**Goal of the exercise**
Output every record below exactly as it appears.

[Opening Working data section]

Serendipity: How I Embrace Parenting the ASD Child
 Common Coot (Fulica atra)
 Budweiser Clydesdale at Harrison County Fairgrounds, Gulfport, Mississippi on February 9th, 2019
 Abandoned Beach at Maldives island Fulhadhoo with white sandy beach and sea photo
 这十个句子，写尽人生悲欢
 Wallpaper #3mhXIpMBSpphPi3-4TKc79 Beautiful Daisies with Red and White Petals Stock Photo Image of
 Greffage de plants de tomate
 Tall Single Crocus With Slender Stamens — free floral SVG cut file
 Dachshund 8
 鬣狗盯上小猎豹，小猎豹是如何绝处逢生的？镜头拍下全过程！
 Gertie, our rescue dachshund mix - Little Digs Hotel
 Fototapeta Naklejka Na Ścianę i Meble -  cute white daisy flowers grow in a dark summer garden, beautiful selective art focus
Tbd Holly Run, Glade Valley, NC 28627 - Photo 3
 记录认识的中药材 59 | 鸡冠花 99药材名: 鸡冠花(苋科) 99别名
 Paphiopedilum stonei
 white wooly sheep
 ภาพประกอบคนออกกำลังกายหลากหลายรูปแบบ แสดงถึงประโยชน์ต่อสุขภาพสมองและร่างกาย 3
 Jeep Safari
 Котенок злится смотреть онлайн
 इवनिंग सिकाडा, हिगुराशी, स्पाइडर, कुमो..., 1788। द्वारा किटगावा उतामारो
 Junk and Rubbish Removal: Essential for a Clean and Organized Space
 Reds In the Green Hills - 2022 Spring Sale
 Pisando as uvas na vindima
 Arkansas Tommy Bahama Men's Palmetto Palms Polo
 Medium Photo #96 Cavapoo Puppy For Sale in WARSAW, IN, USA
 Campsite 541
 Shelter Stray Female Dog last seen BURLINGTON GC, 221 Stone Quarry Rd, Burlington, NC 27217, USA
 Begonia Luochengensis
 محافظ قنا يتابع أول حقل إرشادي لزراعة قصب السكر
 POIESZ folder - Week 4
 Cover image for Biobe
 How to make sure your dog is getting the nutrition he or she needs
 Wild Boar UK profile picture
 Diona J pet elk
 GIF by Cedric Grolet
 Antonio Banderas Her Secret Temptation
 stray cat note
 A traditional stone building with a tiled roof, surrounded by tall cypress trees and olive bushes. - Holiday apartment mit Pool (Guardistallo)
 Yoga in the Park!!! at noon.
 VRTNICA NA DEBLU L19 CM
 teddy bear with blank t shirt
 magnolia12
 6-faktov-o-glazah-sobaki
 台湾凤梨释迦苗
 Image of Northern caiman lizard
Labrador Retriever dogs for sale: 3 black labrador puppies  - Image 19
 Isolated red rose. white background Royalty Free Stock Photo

[Closing Working data section]

**Finished task**
Serendipity: How I Embrace Parenting the ASD Child
 Common Coot (Fulica atra)
 Budweiser Clydesdale at Harrison County Fairgrounds, Gulfport, Mississippi on February 9th, 2019
 Abandoned Beach at Maldives island Fulhadhoo with white sandy beach and sea photo
 这十个句子，写尽人生悲欢
 Wallpaper #3mhXIpMBSpphPi3-4TKc79 Beautiful Daisies with Red and White Petals Stock Photo Image of
 Greffage de plants de tomate
 Tall Single Crocus With Slender Stamens — free floral SVG cut file
 Dachshund 8
 鬣狗盯上小猎豹，小猎豹是如何绝处逢生的？镜头拍下全过程！
 Gertie, our rescue dachshund mix - Little Digs Hotel
 Fototapeta Naklejka Na Ścianę i Meble -  cute white daisy flowers grow in a dark summer garden, beautiful selective art focus
Tbd Holly Run, Glade Valley, NC 28627 - Photo 3
 记录认识的中药材 59 | 鸡冠花 99药材名: 鸡冠花(苋科) 99别名
 Paphiopedilum stonei
 white wooly sheep
 ภาพประกอบคนออกกำลังกายหลากหลายรูปแบบ แสดงถึงประโยชน์ต่อสุขภาพสมองและร่างกาย 3
 Jeep Safari
 Котенок злится смотреть онлайн
 इवनिंग सिकाडा, हिगुराशी, स्पाइडर, कुमो..., 1788। द्वारा किटगावा उतामारो
 Junk and Rubbish Removal: Essential for a Clean and Organized Space
 Reds In the Green Hills - 2022 Spring Sale
 Pisando as uvas na vindima
 Arkansas Tommy Bahama Men's Palmetto Palms Polo
 Medium Photo #96 Cavapoo Puppy For Sale in WARSAW, IN, USA
 Campsite 541
 Shelter Stray Female Dog last seen BURLINGTON GC, 221 Stone Quarry Rd, Burlington, NC 27217, USA
 Begonia Luochengensis
 محافظ قنا يتابع أول حقل إرشادي لزراعة قصب السكر
 POIESZ folder - Week 4
 Cover image for Biobe
 How to make sure your dog is getting the nutrition he or she needs
 Wild Boar UK profile picture
 Diona J pet elk
 GIF by Cedric Grolet
 Antonio Banderas Her Secret Temptation
 stray cat note
 A traditional stone building with a tiled roof, surrounded by tall cypress trees and olive bushes. - Holiday apartment mit Pool (Guardistallo)
 Yoga in the Park!!! at noon.
 VRTNICA NA DEBLU L19 CM
 teddy bear with blank t shirt
 magnolia12
 6-faktov-o-glazah-sobaki
 台湾凤梨释迦苗
 Image of Northern caiman lizard
Labrador Retriever dogs for sale: 3 black labrador puppies  - Image 19
 Isolated red rose. white background Royalty Free Stock Photo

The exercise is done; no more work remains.